## Records shown

■ ■ ■

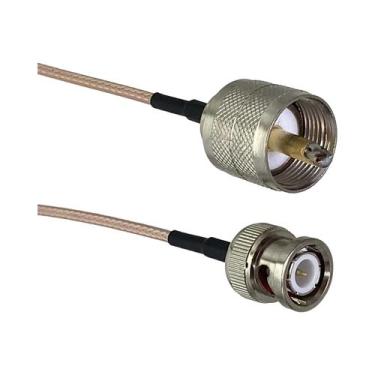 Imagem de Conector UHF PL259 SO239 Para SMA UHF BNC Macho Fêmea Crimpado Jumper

■ ■ ■

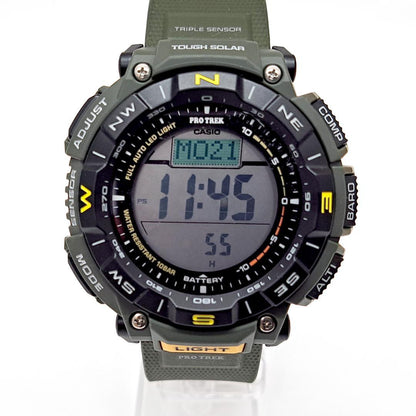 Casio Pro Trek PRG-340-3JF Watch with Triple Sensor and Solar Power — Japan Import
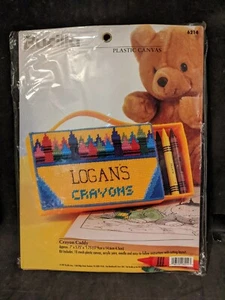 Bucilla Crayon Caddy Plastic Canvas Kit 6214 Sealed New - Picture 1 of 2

■ ■ ■

## Task to complete
In the records above, everything from the line with "Casio Pro Trek" down to the line with "Bucilla Crayon Caddy" must be duplicated exactly, both lines kept. Leave no pictures in.

## Solved exercise
 Casio Pro Trek PRG-340-3JF Watch with Triple Sensor and Solar Power — Japan Import
 Bucilla Crayon Caddy Plastic Canvas Kit 6214 Sealed New - Picture 1 of 2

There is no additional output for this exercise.